Detect localized outlier regions in multiple sequence alignments

Command identity

Canonical command:

alignment_outlier_regions

Handler:

alignment_outlier_regions

Aliases:

aor, outlier_regions

Standalone executables:

pk_alignment_outlier_regions, pk_aor, pk_outlier_regions

Categories:

Alignment quality & statistics, Homology assessment

Runtime interface

Synopsis

phykit alignment_outlier_regions <alignment> [--cutoff <cutoff>] [--report <report>] [--mask-output <mask_output>] [--mask-character <mask_character>] [--json]

Arguments

This table is generated from the live command parser.

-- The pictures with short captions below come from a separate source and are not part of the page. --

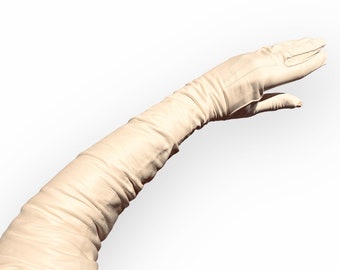 Very long 1920s cream kid leather gloves.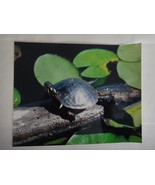 Adorable Painted Turtle, 8x10 photo, Wildlife Photography by Christopher... - $36.42 CAD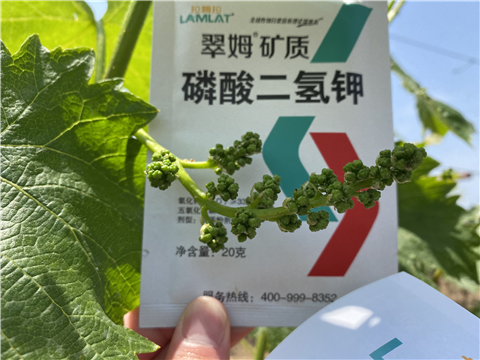 磷酸二氫鉀，拉姆拉，翠姆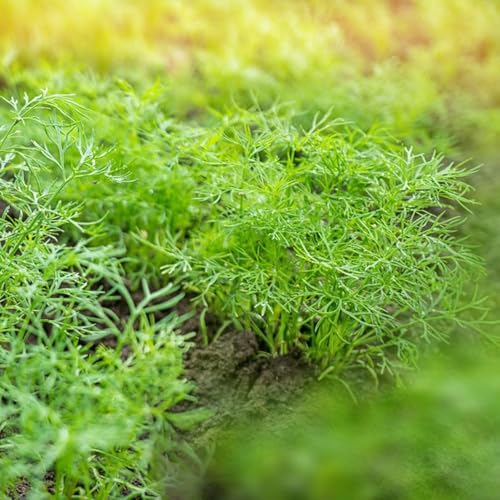 300 piezas semillas de eneldo organicas de jardin eneldo semillas perennes resistentes, jardín para hombres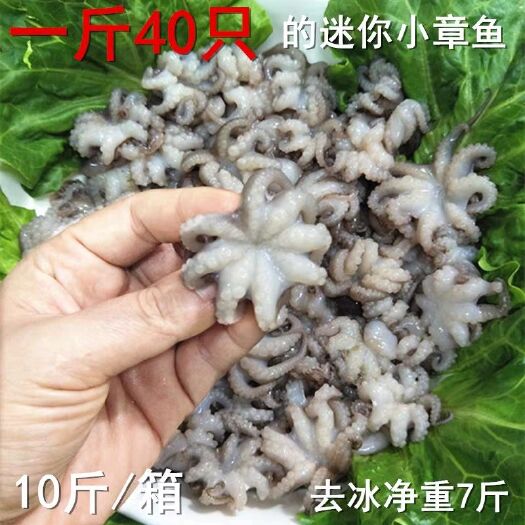 南京 新鲜迷你八爪鱼海鲜冷冻小章鱼小八抓鱼10斤优质火锅食材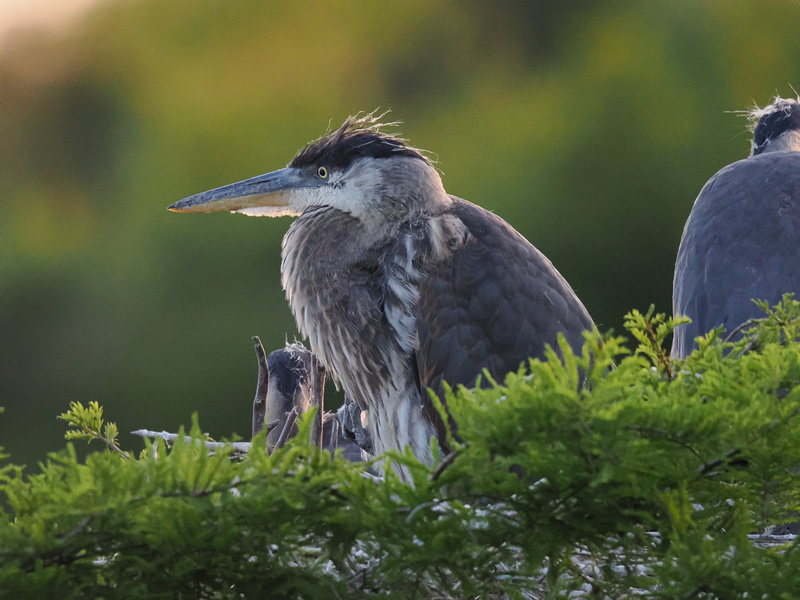 Ruffled feathers? This Great Blue Heron calls it a style choice. Nature’s runway never looked so graceful—or so fabulously wild. Ruffled feathers? This Great Blue Heron calls it a style choice. Nature’s runway never looked so graceful—or so fabulously wild.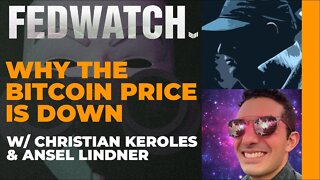 Why the Bitcoin Price is Down - Fed Watch #59 - Bitcoin Magazine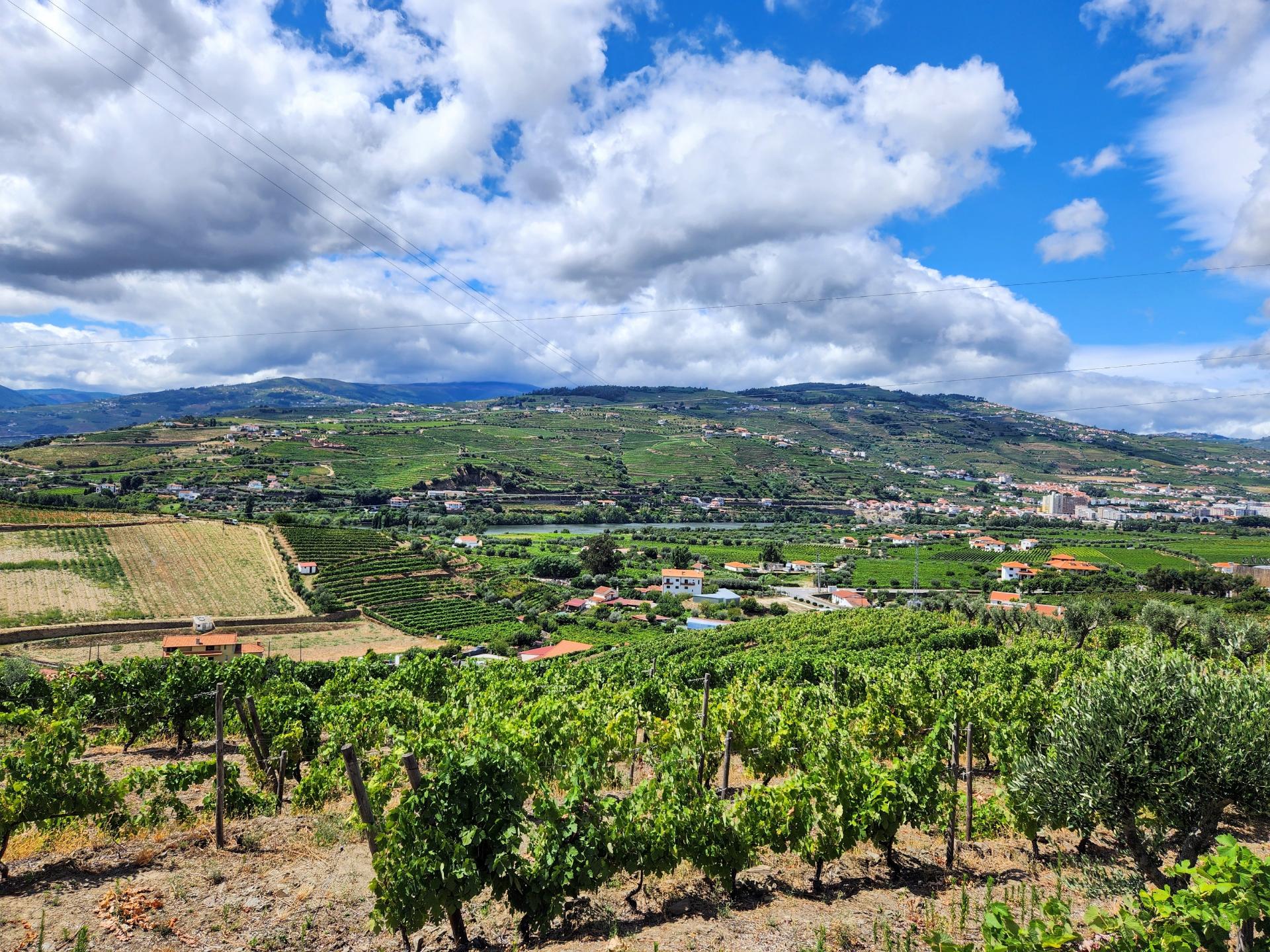 Terreno Vinícola com PIP em Apreciação para Boutique Hotel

It is the authoritative source for accepted spellings, required arguments, types, defaults, and choices.

Argument

Required

Type

Default

Choices

alignment

true

str

required

any

--cutoff

false

float

3.0

any

--report

false

str

none

any

--mask-output

false

str

none

any

--mask-character

false

str

?

any

--json

false

boolean

false

any

Output and errors

--json provides the command's structured JSON representation. Output-file options: --mask-output. Invalid command syntax exits with status 2. Input validation and scientific limitations are described in the guidance below.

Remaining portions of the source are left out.